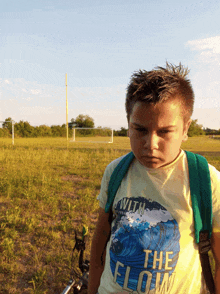 a young boy wearing a t-shirt that says with the flow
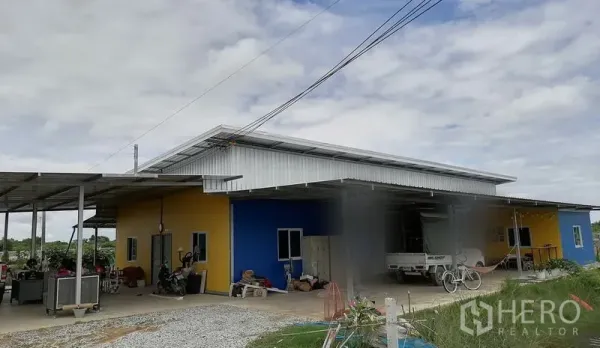 ที่ดิน ขายในBan Pho, Chachoengsao - ด้านหน้าโกดังและลานทำงาน พร้อมหลังคาเหล็กและรถจอด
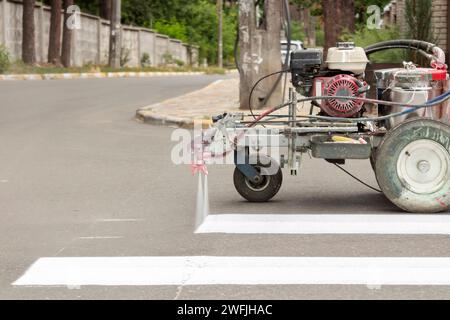 Stadtarbeiter malen Straßenübergangsspuren. Lackiermaschine lackiert Streifen auf Asphalt für Fußgänger. Stockfoto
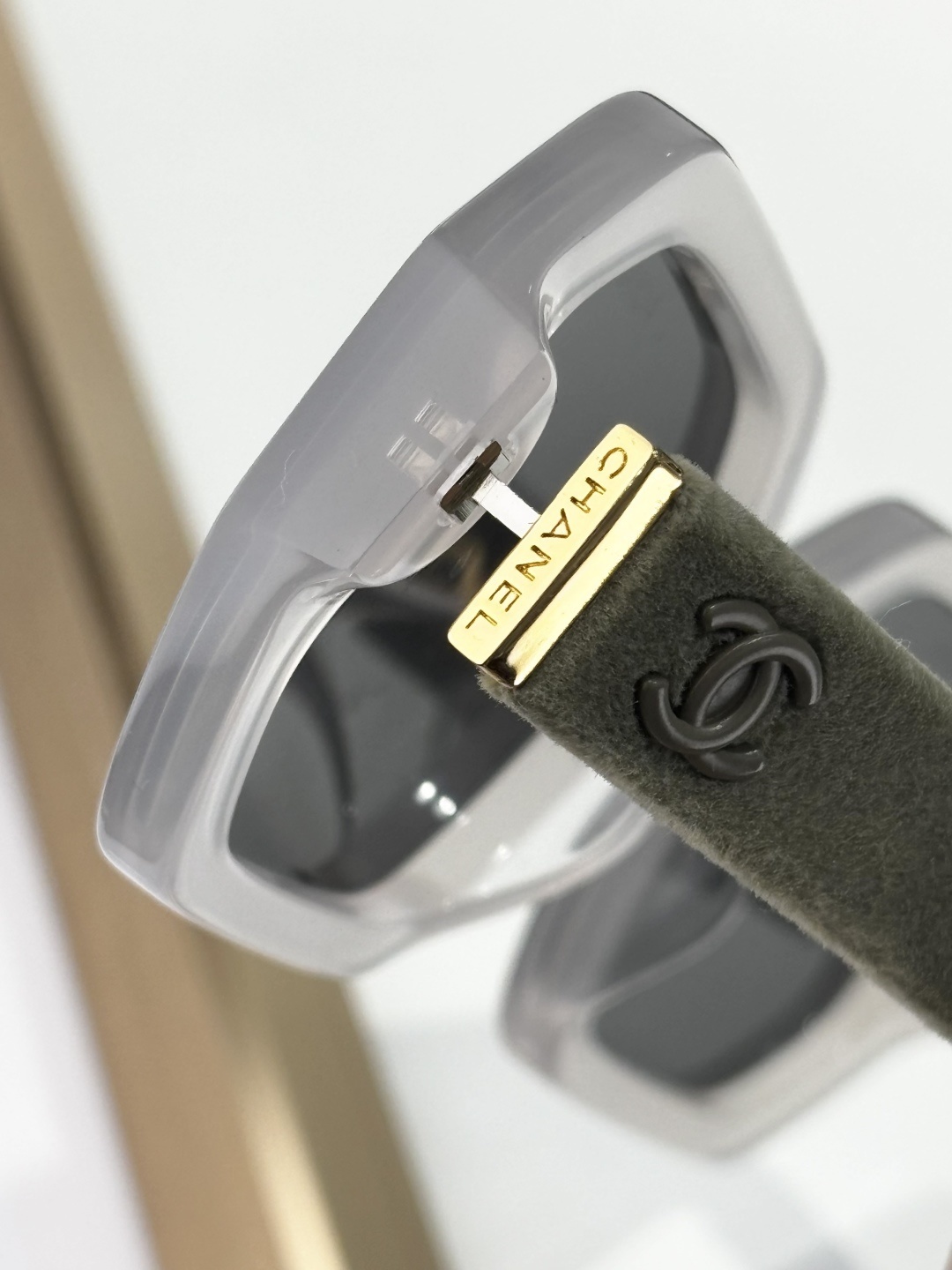 Chanel Luxury Translucent Grey Sunglasses with Velvet Temple Detail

——

WORK TO COMPLETE
Lines from the one that contains "ที่ดิน ขายในBan Pho, Chachoengsao" to the final line of the material are the whole answer. Reproduce them word for word and skip the pictures.

EXERCISE RESPONSE
 ที่ดิน ขายในBan Pho, Chachoengsao - ด้านหน้าโกดังและลานทำงาน พร้อมหลังคาเหล็กและรถจอด
 Stadtarbeiter malen Straßenübergangsspuren. Lackiermaschine lackiert Streifen auf Asphalt für Fußgänger. Stockfoto
 Chanel Luxury Translucent Grey Sunglasses with Velvet Temple Detail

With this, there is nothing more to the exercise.